Now let's look at the cost to conduct an SCR versus an MCR
clinically designed study in Alzheimer's patients and assume that the
study would take a year at a cost of $30, 000 per patient. The average
placebo response in medicine is 15-30%. To be convincing we should look
for at least a 50% treatment improvement over placebo, so let's say 25%
placebo response and 37% treatment response. Skipping over other
statistical considerations, the total cost of A SCR approach would be
$97,440,000 while that of a MCR $13,920,000!! But there are and will be
other potential combinations for the treatment of Alzheimer's and most
all other diseases. It is sadly self- evident that they will never be
tested unless our policy changes.
Furthermore, it is ironic that the SCR approach, like the MCR one,
includes the evaluation of the combination itself! Why, therefore, are
the other components required particularly when this requirement will
prevent the clinical studies from ever being done and patients deprived
of new therapies?
Let's take a look at potential new therapies for Alzheimer's
disease that are currently available such as Lipitor, sage extract,
leuprolide, huperzine A and raloxifene: Clinical studies are now being
conducted on each substance alone. It makes compelling medical sense to
select three of these substances with different modes of action and
evaluate all three together in an MCR type of study in order to increase
the probability of success within a short term period. There are
currently 4.5 million Alzheimers patients in the United States, and we
owe it to them to accelerate the discovery of new therapies for this
Here's another example that not only deals with patients in very
serious trouble but also with a potential national disaster: Septic or
toxic shock is a condition with about a 30% mortality rate that is
caused by bacterial and other toxins. It is becoming increasingly common
in our hospitals, particularly in the elderly, post-surgical
populations with compromised immune systems. There has been a number of
promising natural substances isolated by the biotechnology industry that
have shown much promise in laboratory animal studies in the septic
shock state but have, unfortunately, failed in clinical studies. Apart
from economic considerations, the next step, according to the MCR
approach, would be to select, let's say three of these substances with
different modes of action, which could complement each other. In
addition to shock, multiple deleterious effects take place such as
increased blood clotting, general decreased oxygen availability to body
tissues and significant brain damage in the survivors. As with
Alzheimers, a combination of three drugs directed to treat each
condition would then be administered to those septic shock patients who
have a highly probable rendezvous with death. There's little to lose and
much to gain.
Also, lethal toxins such as those produced by small pox or plague
that can be used by terrorists cause septic or toxic shock. This alone,
should awaken us to the critical necessity of the MCR approach!
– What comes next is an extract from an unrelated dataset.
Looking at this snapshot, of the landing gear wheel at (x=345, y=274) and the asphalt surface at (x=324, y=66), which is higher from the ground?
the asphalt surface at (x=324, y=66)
The conclusion is that the SRC policy is clearly harmful to the
patient and must be modified. After all, in the actual practice of
medicine alls types of combinations are commonly and justifiably
administered by physicians to treat patients with diseases ranging from
rheumatoid arthritis to congestive heart failure unequivocally
supporting the reasoning behind the MCR approach. The good news is that
there are encouraging signs of change. The FDA has recently approved a
cocktail of three pharmaceuticals for AIDS patients without requiring
the prohibitively expensive SCR approach to assess its full therapeutic
evaluation. But we must have a clearly defined national policy to
encourage MCR for all appropriate conditions requiring medical
In the final analysis, when we're dealing with ways to conquer
disease to benefit the public, we should keep in mind the Chaos Theory
which believes that small events can lead to bigger ones be they
positive or negative. For example, the theory accepts the possibility
that if a tourist on Alcatraz casts a pebble in the Pacific Ocean the
ripple could somehow resonate to such a degree as to eventually cause a
highly catastrophic Tsunami somewhere in the Far East.
The SCR policy can be equated to that pebble.